* _EXERCISE OBJECTIVE_
Please repeat the entries word for word and keep the images out.

* _Saved entries_

────────────────────

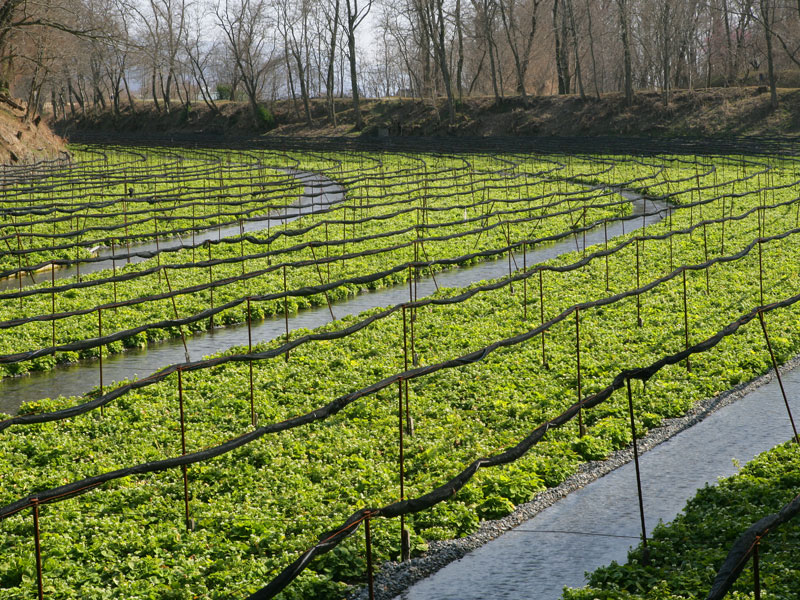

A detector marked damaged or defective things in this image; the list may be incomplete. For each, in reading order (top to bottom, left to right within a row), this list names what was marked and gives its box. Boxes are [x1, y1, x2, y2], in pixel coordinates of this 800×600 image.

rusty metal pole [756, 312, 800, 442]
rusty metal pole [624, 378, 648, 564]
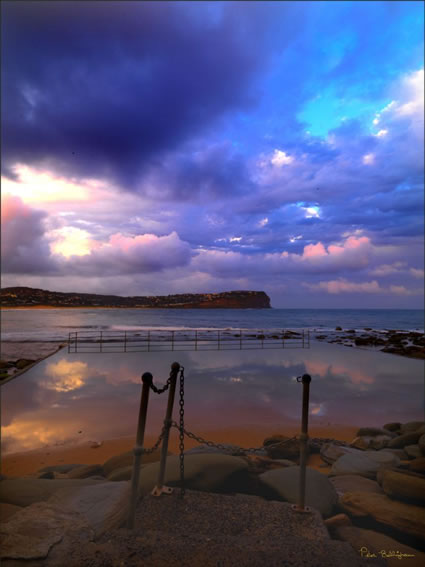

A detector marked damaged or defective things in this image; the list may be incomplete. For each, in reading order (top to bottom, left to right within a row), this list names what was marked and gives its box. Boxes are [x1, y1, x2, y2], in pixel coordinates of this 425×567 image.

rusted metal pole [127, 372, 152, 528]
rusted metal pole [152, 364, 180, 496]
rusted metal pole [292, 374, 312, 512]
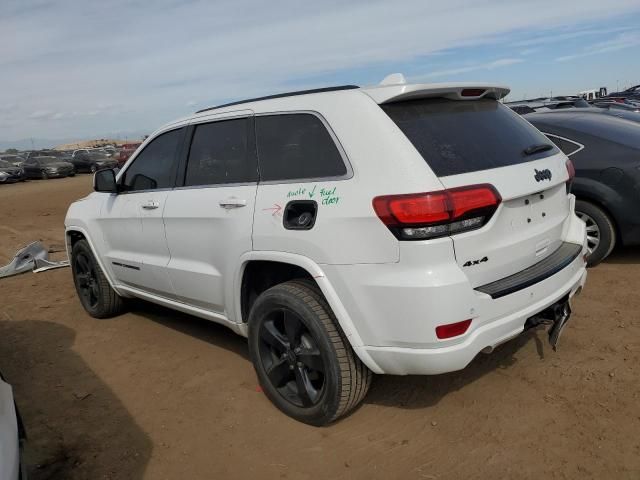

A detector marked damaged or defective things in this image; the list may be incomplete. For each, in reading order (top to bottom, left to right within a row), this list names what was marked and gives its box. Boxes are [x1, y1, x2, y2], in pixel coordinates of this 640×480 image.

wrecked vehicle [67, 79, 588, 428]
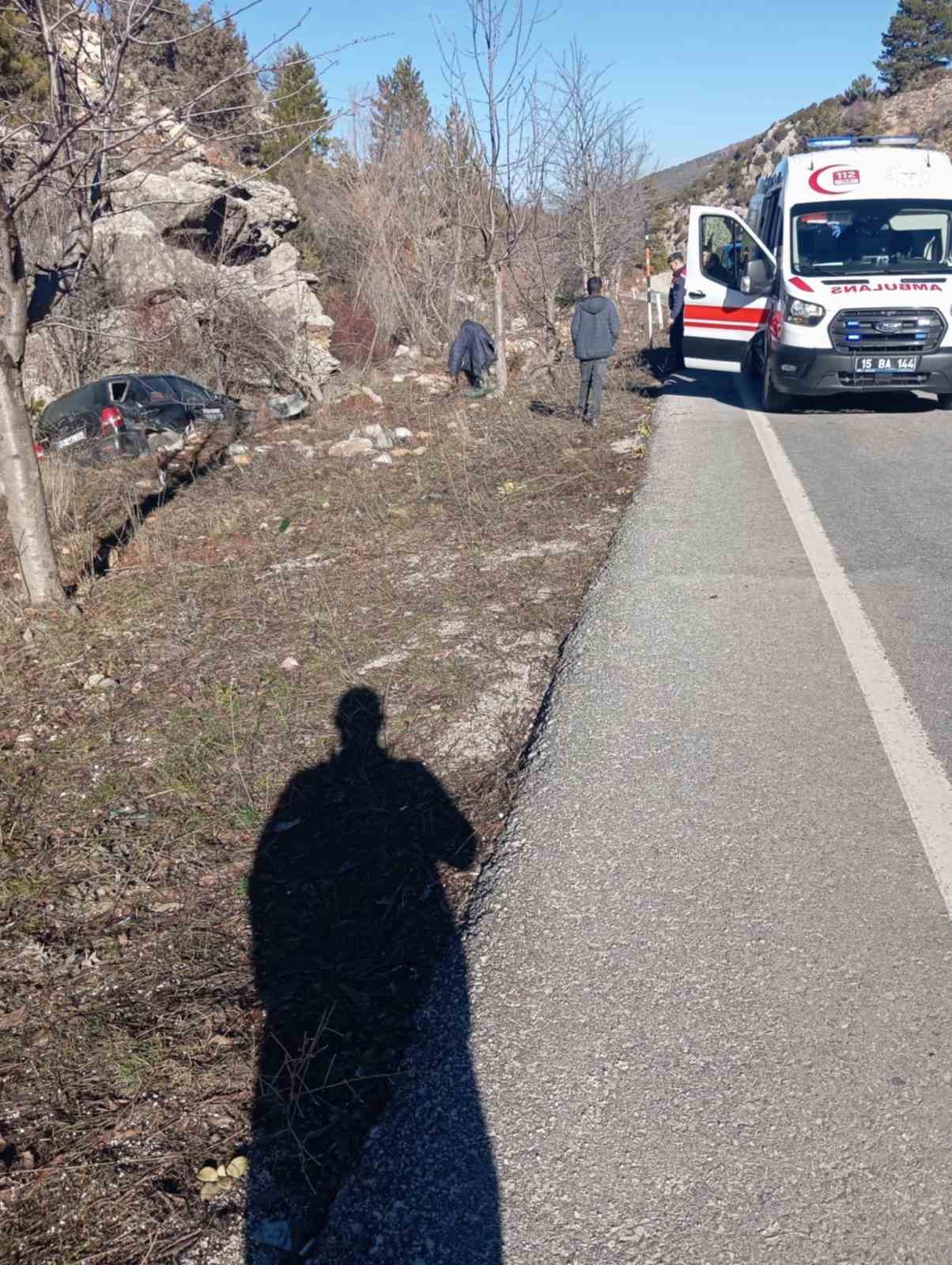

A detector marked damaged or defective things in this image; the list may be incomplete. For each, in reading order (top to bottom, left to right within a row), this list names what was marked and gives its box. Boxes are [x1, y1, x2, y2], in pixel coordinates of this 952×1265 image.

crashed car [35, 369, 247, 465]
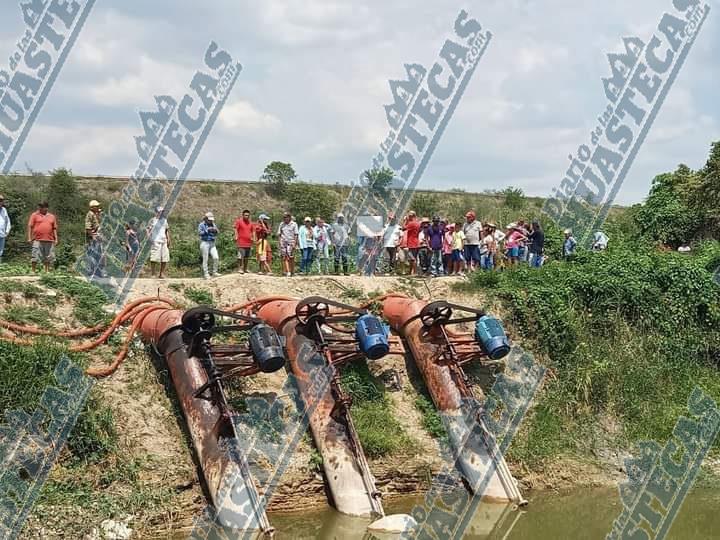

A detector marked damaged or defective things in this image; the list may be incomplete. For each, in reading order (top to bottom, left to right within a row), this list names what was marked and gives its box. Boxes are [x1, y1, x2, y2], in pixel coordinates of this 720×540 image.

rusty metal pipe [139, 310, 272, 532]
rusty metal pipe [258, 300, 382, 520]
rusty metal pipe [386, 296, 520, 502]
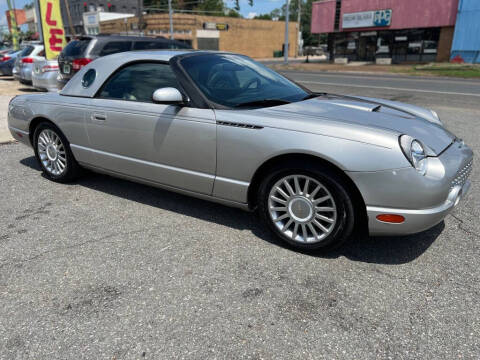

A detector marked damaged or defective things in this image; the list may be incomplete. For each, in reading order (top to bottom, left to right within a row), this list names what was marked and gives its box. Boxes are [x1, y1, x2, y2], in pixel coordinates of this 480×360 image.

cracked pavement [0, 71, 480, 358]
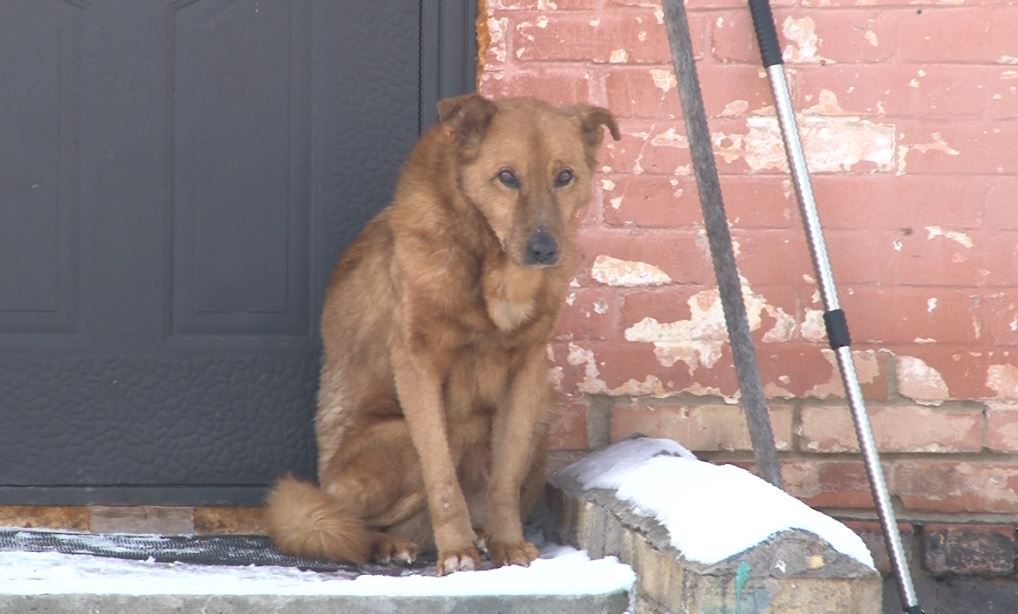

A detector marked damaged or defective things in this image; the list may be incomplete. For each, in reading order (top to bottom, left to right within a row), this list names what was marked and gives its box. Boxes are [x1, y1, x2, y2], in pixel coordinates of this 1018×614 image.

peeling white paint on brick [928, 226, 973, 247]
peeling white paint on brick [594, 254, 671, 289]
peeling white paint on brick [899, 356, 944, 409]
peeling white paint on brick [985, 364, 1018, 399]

────────────────────

* _EXERCISE SOLUTION_
A detector marked damaged or defective things in this image; the list may be incomplete. For each, in reading order (top to bottom, left to right within a row), this list names what was marked and gives its box. Boxes are [x1, y1, x2, y2], in pixel coordinates of this 800×600 image.

rusty metal pole [756, 312, 800, 442]
rusty metal pole [624, 378, 648, 564]

A detector marked damaged or defective things in this image; the list may be incomplete. For each, in reading order (top to bottom, left to right within a row), this list names what was marked and gives its box. Boxes are [x1, y1, x2, y2], in pixel coordinates of this 425×567 image.

rusted metal pole [127, 372, 152, 528]
rusted metal pole [152, 364, 180, 496]
rusted metal pole [292, 374, 312, 512]

A detector marked damaged or defective things in this image; the list may be incomplete. For each, in reading order (top to bottom, left to right within a row), this list names what was marked and gives its box. Boxes are [x1, y1, x2, y2], in pixel coordinates of this 640×480 image.

wrecked vehicle [67, 79, 588, 428]

A detector marked damaged or defective things in this image; the list may be incomplete. For each, in reading order (top to bottom, left to right within a row), this list names what was marked and gives its box. Boxes are [x1, y1, x2, y2], in pixel coordinates of this 952×1265 image.

crashed car [35, 369, 247, 465]

A detector marked damaged or defective things in this image; the list may be incomplete. For each, in reading order (top to bottom, left to right within a row), this list names what was marked and gives its box. Boxes are [x1, y1, x2, y2], in pixel coordinates of this 720×540 image.

rusty metal pipe [139, 310, 272, 532]
rusty metal pipe [258, 300, 382, 520]
rusty metal pipe [386, 296, 520, 502]

A detector marked damaged or defective things in this image; the list may be incomplete. For each, in reading order (top to bottom, left to right within a row), this list names what was marked and gives its box. Boxes are [x1, y1, x2, y2], in pixel coordinates of this 480×360 image.

cracked pavement [0, 71, 480, 358]

A detector marked damaged or defective things in this image; the list may be incomplete. For each, in reading order (top to bottom, left to right within a row), this list names what was marked and gives its box. Boxes are [x1, y1, x2, y2], in pixel coordinates of this 1018×614 image.

peeling white paint on brick [928, 226, 973, 247]
peeling white paint on brick [594, 254, 671, 289]
peeling white paint on brick [899, 356, 944, 409]
peeling white paint on brick [985, 364, 1018, 399]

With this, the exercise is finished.